WHAT YOU HAVE TO DO: Repeat the data exactly, leaving out any image.

DATASET RECORDS:
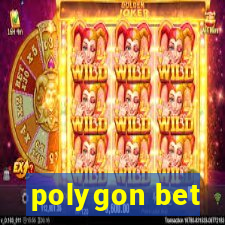 polygon bet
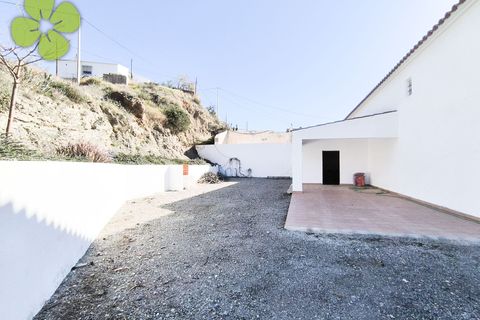 Landejendom i Albox, Almeria, Albox - € 179.900 | Ref: CRE-2670 - foto 22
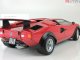     Countach Walter wolf edition,  (Autoart)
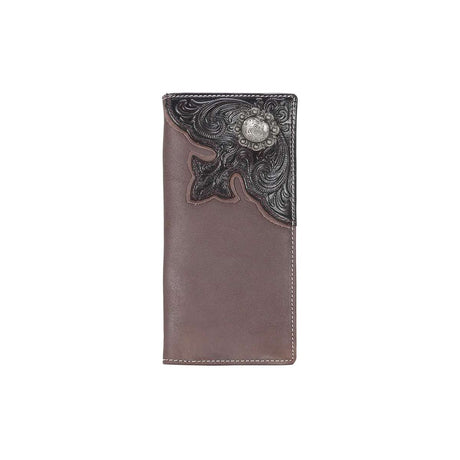 MWTR.Coffee.01.jpg Montana West Tooled Ropers Image
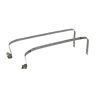 St170 Spectra Premium Industries Inc Fuel Tank Strap Or Straps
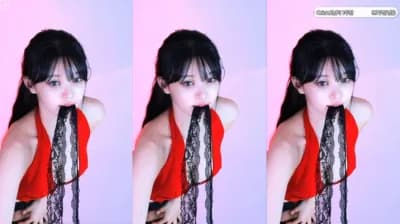 2025-05-27_04-19-23 - feel0100 - BJ 아리샤♥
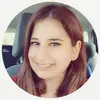 Sandradonsch - @sandradonsch - TikTok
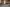 AGROB-BUCHTAL-Serie-Factory-wohnen-2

OUTPUT FOR THIS EXERCISE:
 polygon bet
 Landejendom i Albox, Almeria, Albox - € 179.900 | Ref: CRE-2670 - foto 22
     Countach Walter wolf edition,  (Autoart)
 MWTR.Coffee.01.jpg Montana West Tooled Ropers Image
 St170 Spectra Premium Industries Inc Fuel Tank Strap Or Straps
 2025-05-27_04-19-23 - feel0100 - BJ 아리샤♥
 Sandradonsch - @sandradonsch - TikTok
 AGROB-BUCHTAL-Serie-Factory-wohnen-2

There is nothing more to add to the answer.